Dear Statalisters,

I am working on a household survey with pooled cross-sectional data with the following characteristics:

The first stage was the identification of enumeration areas/PSUs and then from each PSU, households were randomly selected in the second stage. For each household and survey year, data was collected on all household members.
  • I suspect that the PSUs are mostly the same over time with slight modifications/additions but there is no way I can confirm this.
  • Each wave has its own stratification but all the stratifications are mainly regional.
  • Each wave has its own sampling weight.
  • year 1 has 368 PSUs and 10 strata
  • year 2 has 404 PSUs and 10 strata
  • year 3 has 697 PSUs and 34 strata
I think declaring the data as survey data for the main regressions is not really important if I would be adding time dummies.
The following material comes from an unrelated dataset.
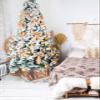 Christmas Tree Collar Christmas Winter Gingerbread House Candy Snow Scene Holiday Tree Skirt Decoration Xmas Tree Ring Stand Base Cover 14.5x10 in 6 PCS view 4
However, I would like to svyset the data for descriptive analysis (both graphical and tabular) but I am not sure how best to correctly do this. My aim is to present a mix of individual and household characteristics as well as to conduct subgroup analyses.

I have searched previous posts but did not find a well-explained solution to my predicament. Referring to these posts below: I have tried something along these lines: svyset psuXyear [pw=weight], strata[strataXyear] but I keep getting an error "too many weights". I have tried dividing the weights by 3 since I have 3 periods but nothing changed

Thank you for your anticipated response.